CONTRACT PROFIT EXPOSURE

        The Company provides services to the government through three types of
contracts:  fixed-price, time-and-materials and cost-reimbursement.  The Company
assumes financial risk on fixed-price contracts (approximately 5.3% of the
Company's government contract revenues in fiscal 1996) and time-and-material
contracts (approximately 32.2% of the Company's government contract revenues in
fiscal 1996) because the Company assumes the risk of performing those contracts
at the stipulated prices or negotiated hourly rates.  The failure to estimate
ultimate costs accurately or to control costs during performance of the work
could result in losses or smaller than anticipated profits.  The balance of the
Company's government contract revenue in fiscal 1996 (approximately 62.5%) was
derived from cost-reimbursement contracts.  To the extent that the actual costs
incurred in performing a cost-reimbursement contract are within the contract
ceiling and allowable under the terms of the contract and applicable
regulations, the Company is entitled to reimbursement of its costs plus a
stipulated profit.  However, if the Company's costs exceed the ceiling or are
not allowable under the terms of the contract or applicable regulations, any
excess would be subject to adjustment and repayment upon audit by the
government.

AUDITS

        Government contract payments received by the Company for allowable
direct and indirect costs are subject to adjustment and repayment after audit if
the payments exceed allowable costs as defined in such government contracts.
Audits have been completed on all of the Company's incurred contract costs
through the end of fiscal year 1986 and on certain incurred contract costs
through the end of fiscal years 1987, 1990 and 1991.

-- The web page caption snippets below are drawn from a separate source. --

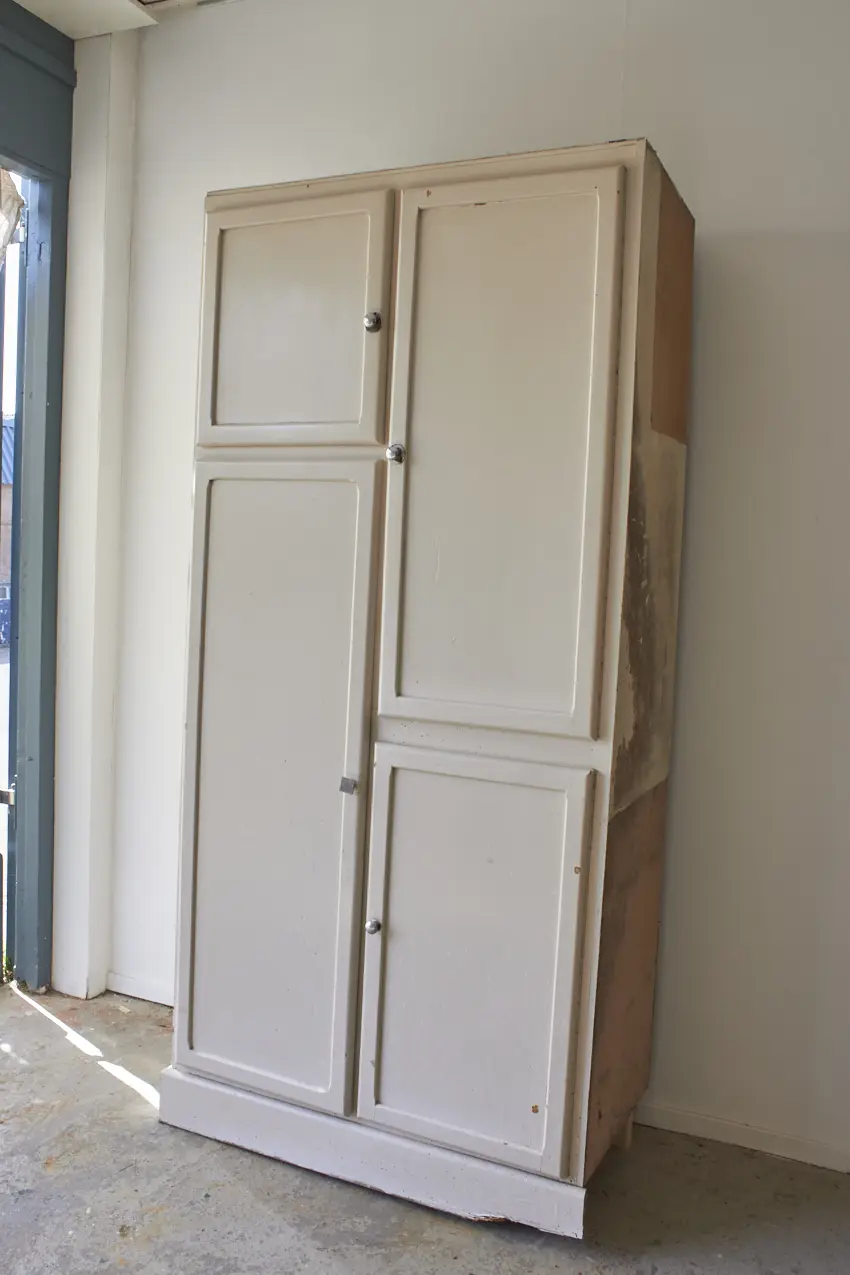 10683---Retro-kast-met-vier-deuren---Firma-zoethout_1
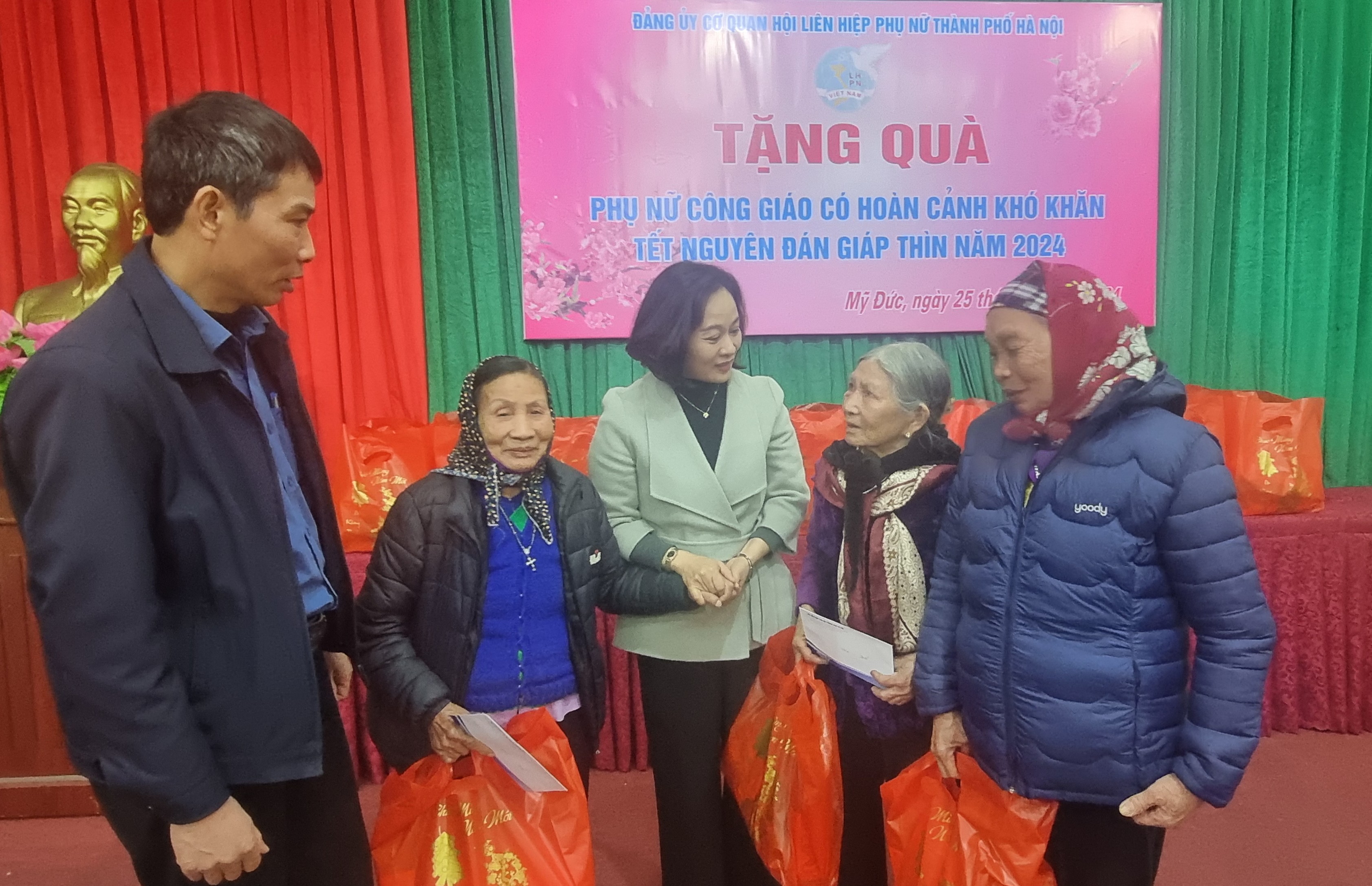 Thăm, chúc Tết phụ nữ người công giáo có hoàn cảnh khó khăn - ảnh 5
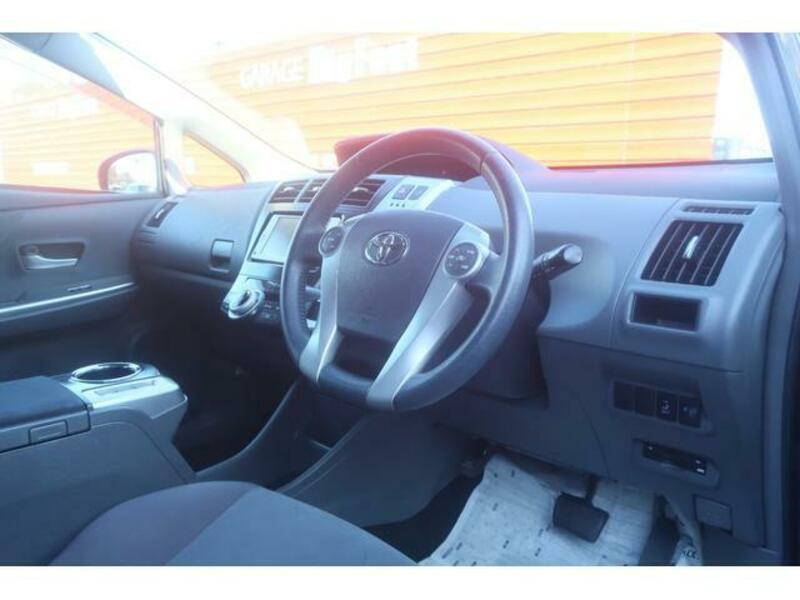 PRIUS ALPHA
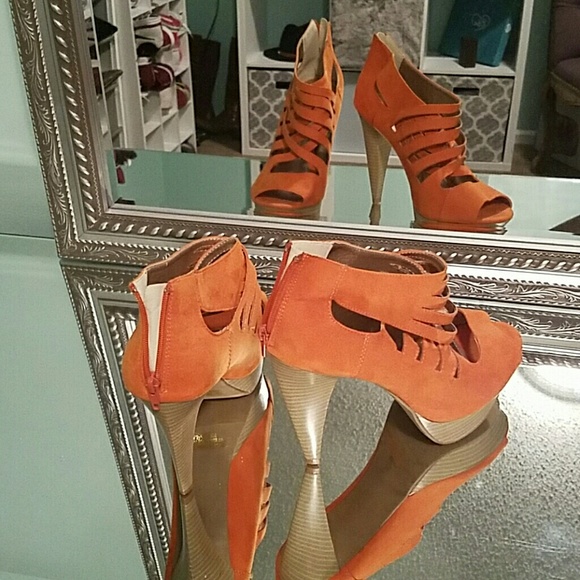 Charlotte Russe- Open toed high heels - Picture 3 of 3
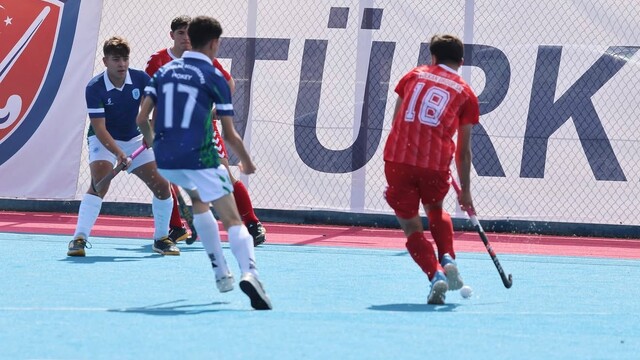 Hokey Süper Ligi Osmaniye etabı 17-18 Ekim'de gerçekleşti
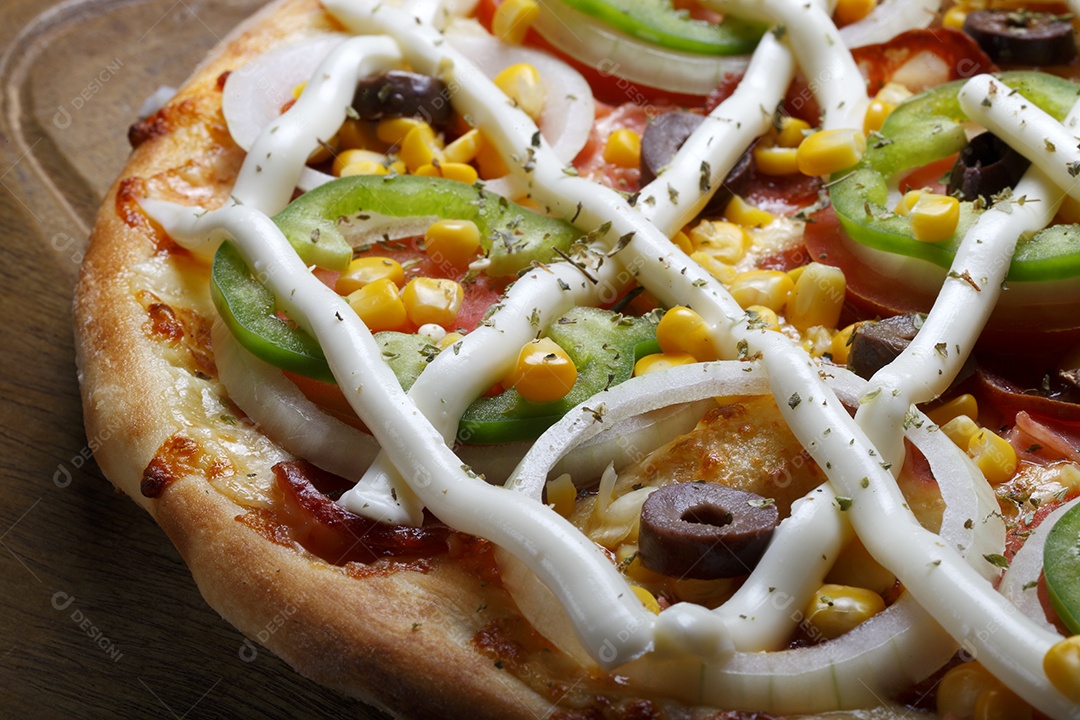 Pizza de cebola com milho e azeitonas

                                      14
<PAGE>
 
POTENTIAL SUSPENSION AND DEBARMENT

        The Company is subject to federal regulations under which its right to
receive future awards of new government contracts, or extensions of existing
government contracts, may be unilaterally suspended or barred should the Company
be convicted of a crime or be indicted based on allegations of violation of
certain specific federal statutes or other activities.  Suspensions, even if
temporary, can result in the loss of valuable contract awards for which the
Company otherwise would be eligible.  The initiation of suspension or debarment
hearings against the Company could have an adverse effect on the Company.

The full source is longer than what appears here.